INSTRUCTIONS FOR THE TASK —
What is needed is an exact reproduction of the lines in the records below, starting at the line with "Lands At Maghaberry Airfield" and ending at the line with "321 North Yale Street Kitchen", both included, and nothing else; pictures stay out.

SUPPLIED DATA —
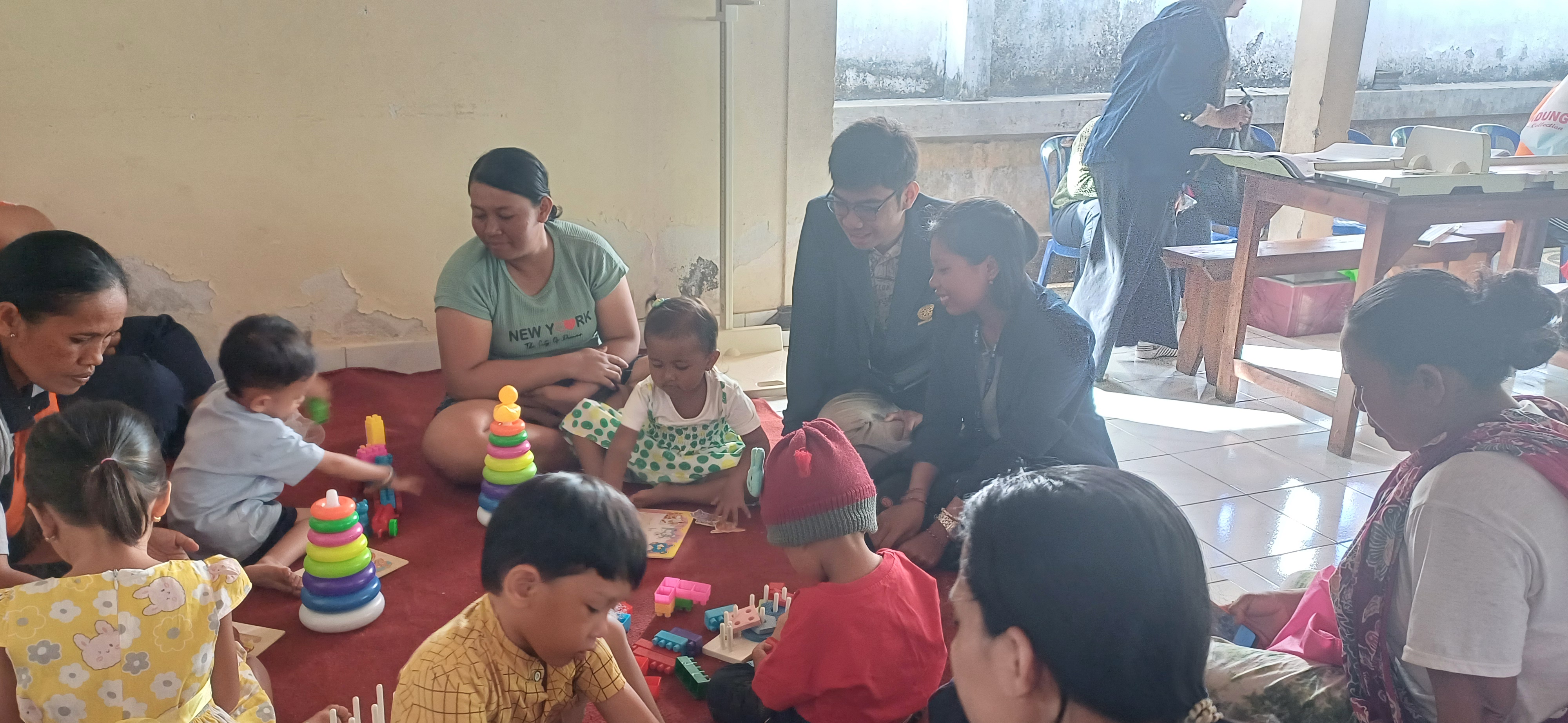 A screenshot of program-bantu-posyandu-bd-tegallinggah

==

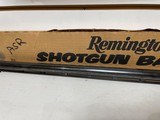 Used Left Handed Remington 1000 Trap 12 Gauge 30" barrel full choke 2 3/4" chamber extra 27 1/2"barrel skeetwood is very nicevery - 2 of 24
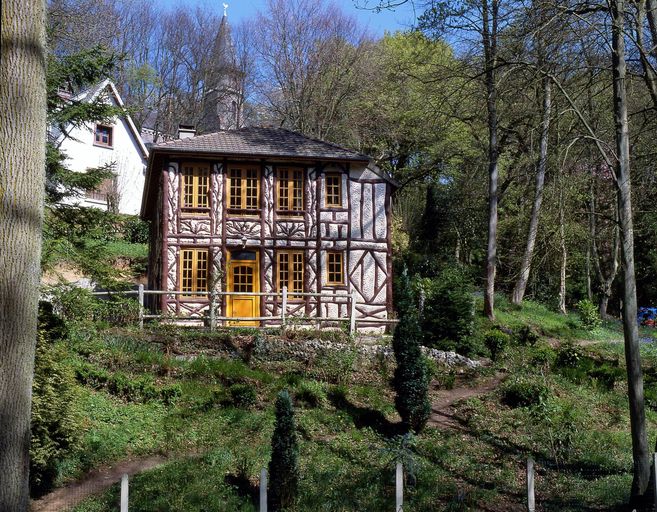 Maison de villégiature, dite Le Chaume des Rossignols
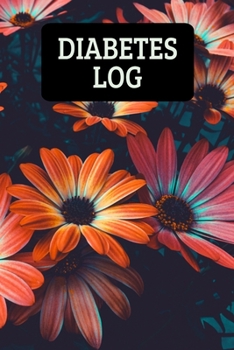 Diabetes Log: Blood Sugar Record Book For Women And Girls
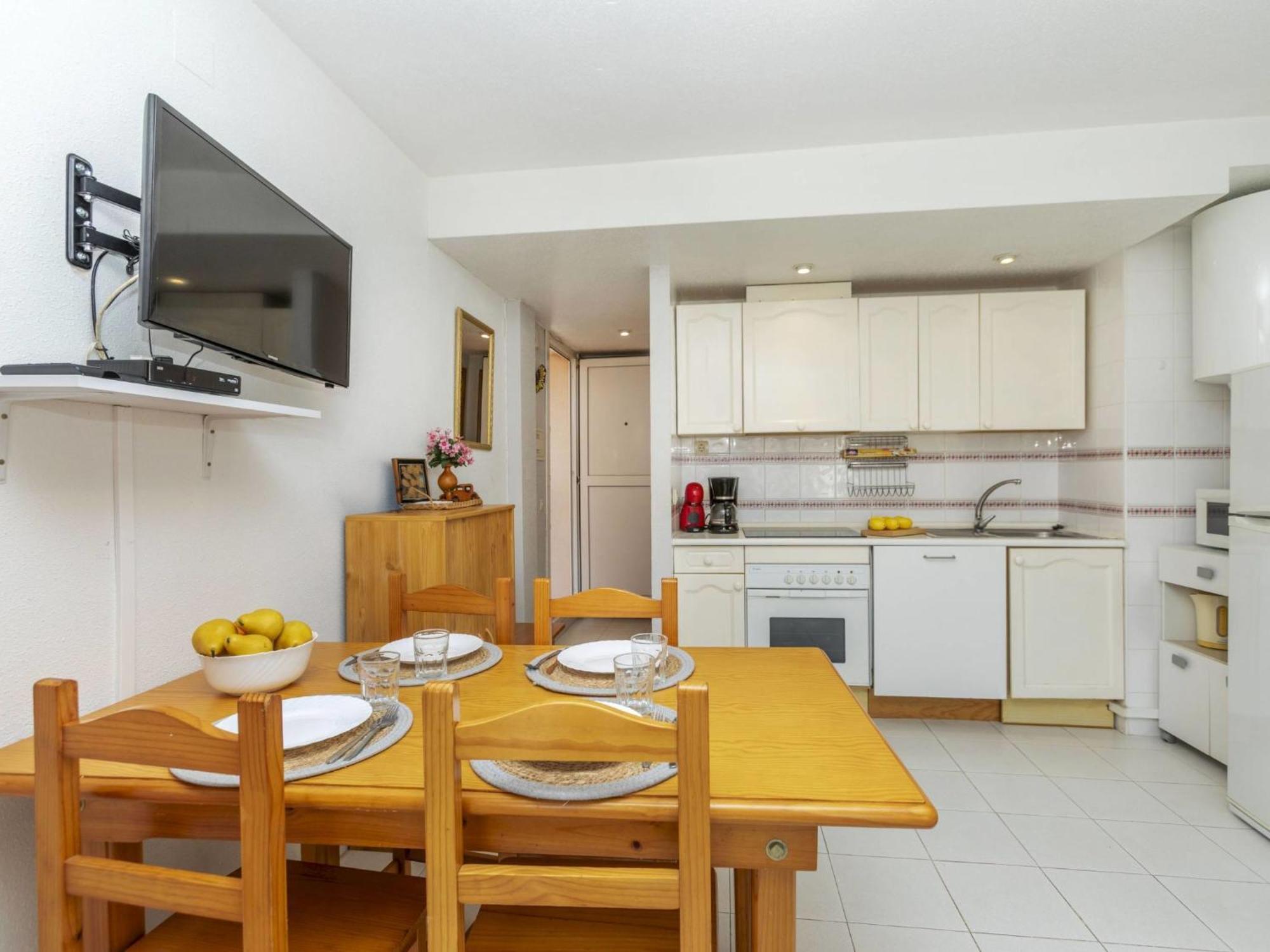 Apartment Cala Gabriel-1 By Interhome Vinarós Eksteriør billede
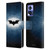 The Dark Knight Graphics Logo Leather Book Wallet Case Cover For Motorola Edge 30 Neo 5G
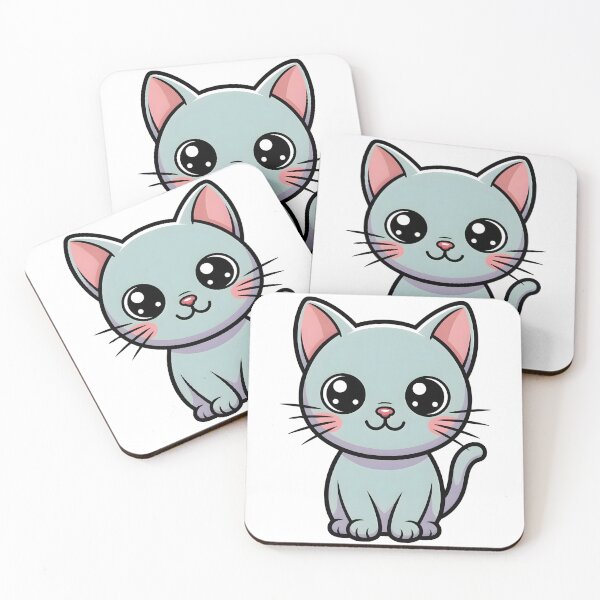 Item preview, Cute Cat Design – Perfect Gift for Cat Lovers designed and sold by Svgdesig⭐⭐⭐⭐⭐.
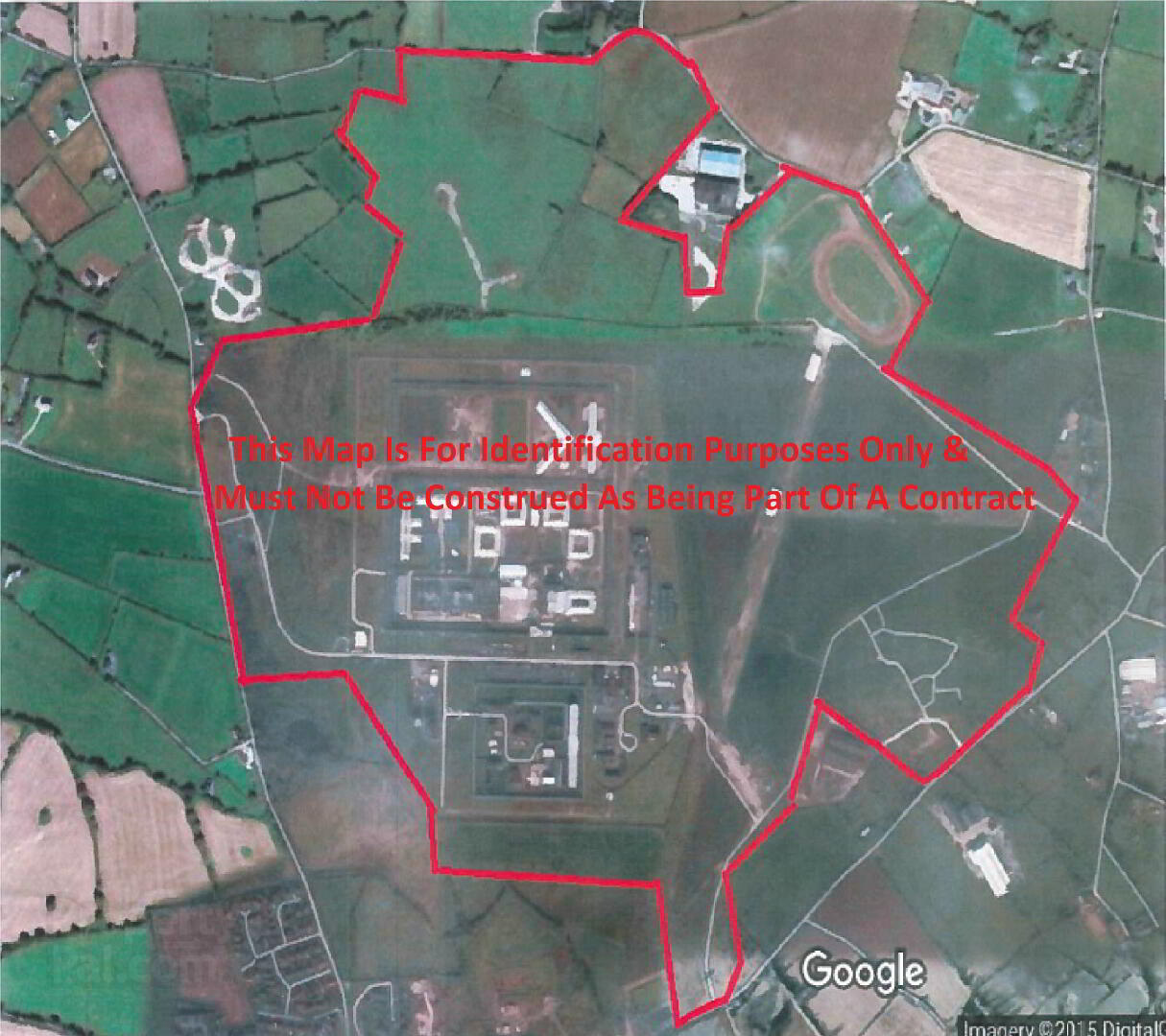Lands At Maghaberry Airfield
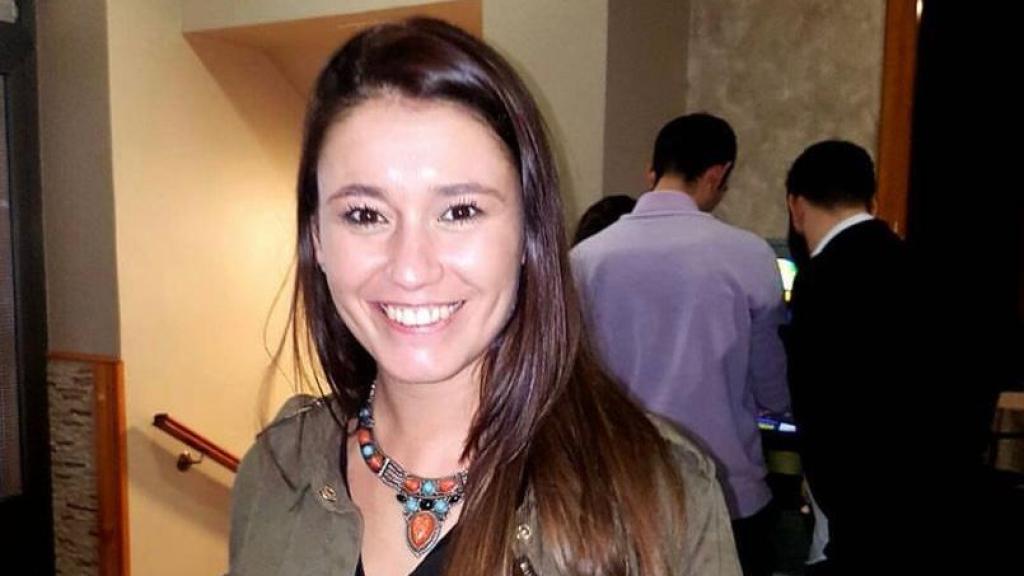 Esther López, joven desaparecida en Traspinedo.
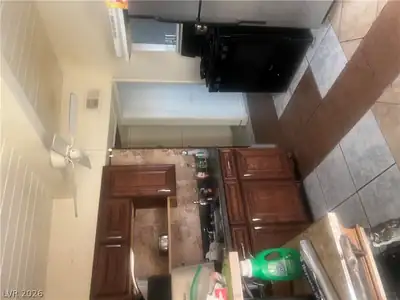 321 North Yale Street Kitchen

---

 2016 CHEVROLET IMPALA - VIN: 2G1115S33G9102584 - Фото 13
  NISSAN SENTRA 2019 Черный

YOUR RESPONSE —
Lands At Maghaberry Airfield
 Esther López, joven desaparecida en Traspinedo.
 321 North Yale Street Kitchen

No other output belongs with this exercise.